Many may argue with me, but I think you can trace the origin of LAN Parties to the arcade. Some would point to multiplayer Doom or some could reach back as far as pong. Wherever you draw the line, LAN parties are about social gaming, and I think that first exploded with the mall arcade.
Everyone's scenario was different, but after begging my Mother to drop me and my friends off at the local arcade I would spend hours dropping quarters into large wood and Plexiglas boxes. 90% of my time in there was spent either watching others play or trying to kick the trash out of my opponent. These heated matches, usually over Street Fighter II in my case, were where trash talking was born.
There was a special etiquette that had to be observed: Your friends with whom you'd come could shout encouragement and make snide remarks about your opponents skills, but you yourself could say nothing, lest real fighting ensued. Your only means of expression during the game, besides gritted teeth and the steely-eyed look of total concentration, was the jerks of the stick and the pounding of the buttons.

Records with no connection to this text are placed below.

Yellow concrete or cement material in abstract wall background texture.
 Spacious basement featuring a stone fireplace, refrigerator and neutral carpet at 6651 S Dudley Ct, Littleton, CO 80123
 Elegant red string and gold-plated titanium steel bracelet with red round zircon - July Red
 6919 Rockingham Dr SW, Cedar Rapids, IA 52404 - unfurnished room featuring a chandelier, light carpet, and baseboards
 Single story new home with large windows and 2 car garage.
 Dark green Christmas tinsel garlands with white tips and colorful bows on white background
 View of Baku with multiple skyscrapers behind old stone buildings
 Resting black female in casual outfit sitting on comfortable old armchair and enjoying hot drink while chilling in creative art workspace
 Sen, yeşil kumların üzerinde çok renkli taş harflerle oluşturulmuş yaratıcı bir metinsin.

Frustration after a lost game was only allowed, per the unwritten social rules of the rcade, to be expressed directly at the machine who's fault you were sure it was that you lost. Your friends could make remarks about the opponent, but only in the third person. You had to stick with repeated kicks to the machine itself, punches to the keys, and the final hard swat at the stick itself as you turned away.
This thing is designed to take a beating!
Why am I rehashing the violence of competitive arcade video gaming? Because during my review of Xgaming's X-Arcade stick, the feature I was most impressed with was its ability to deal with my frustration. Not my frustration at the stick itself, my frustration at the games ...which were the reason for my poor performance in the game, not my skill, of course.